U.S. stocks dropped on Monday after Microsoft withdrew its takeover bid for Yahoo and as commodity prices once again spiked. The Dow industrials lost 88 points, or 0.68%, the Nasdaq Composite fell 12 points, or 0.52%, and the S&P 500 lost 6 points, or 0.45%.
Without much economic news today, no doubt investors will have no choice but to focus on the high oil prices. After setting a record close Monday and hitting a new trading high of $120.93 a barrel Tuesday, crude retreated to $119.88, down 9 cents from Monday’s close. It is interesting that just as hopes were growing the slowdown of the US economy might not be as deep and long as originally thought, crude prices surge again, concerning investors about inflation and profits once again.
Several companies are reporting financial results this day including Fannie Mae (NYSE: FNM) and Qwest Communications (NYSE: Q). Disney (NYSE: DIS) and Cisco Systems (NYSE: CSCO) post results after the market close.
Also, the saga between Yahoo (NASDAQ: YHOO) and Microsoft (NASDAQ: MSFT) has not ended as Yahoo CEO Jerry Yang is said to still be open to a Microsoft takeover.
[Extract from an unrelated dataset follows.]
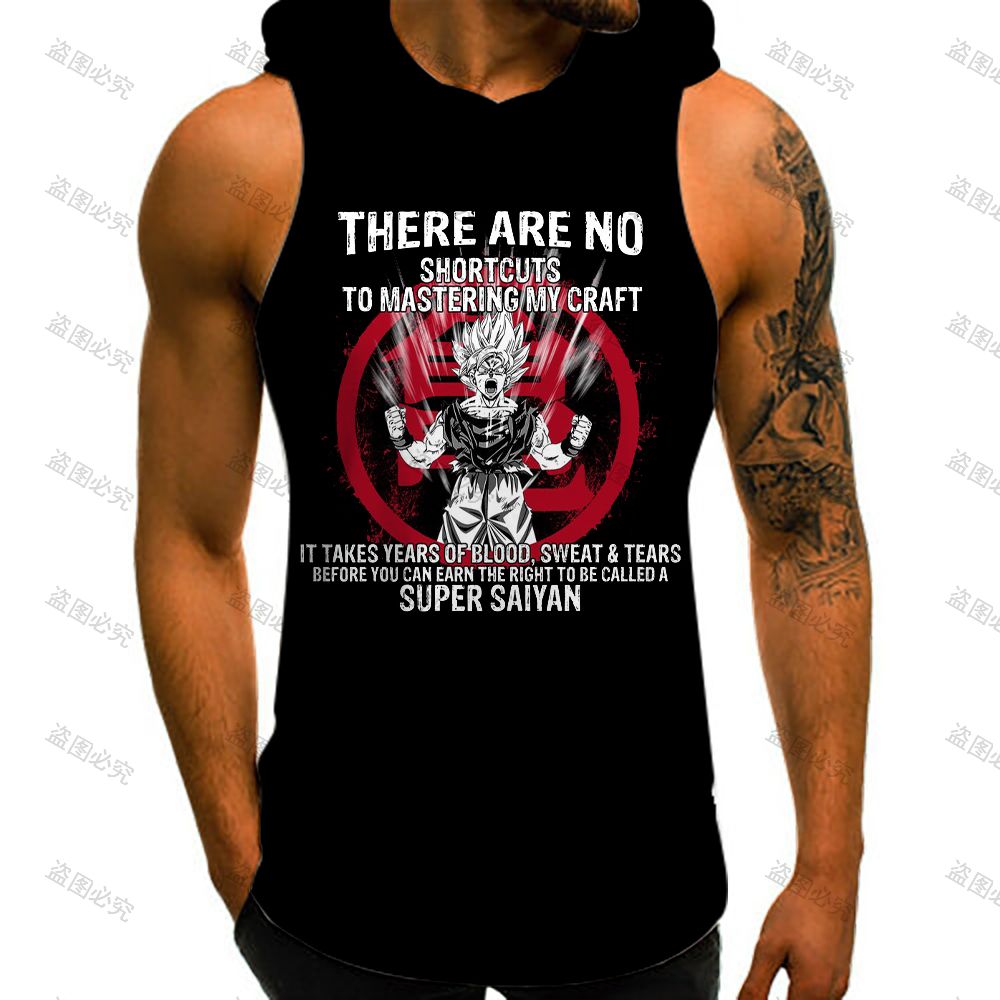 Dragon Ball Z Goku Vest Met Ka - Street Fashion Of Japan recensie en prijs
Swiss banking giant UBS AG (NYSE: UBS) announced Tuesday it would cut 5,500 jobs and reported a net loss of $10.97 billion for the first quarter.
Merck (NYSE: MRK) said Monday that it plans to cut 1,200 sales jobs, 15% of its sales workforce. The announcement comes after last week the FDA rejected Merck’s experimental Cordaptive drug.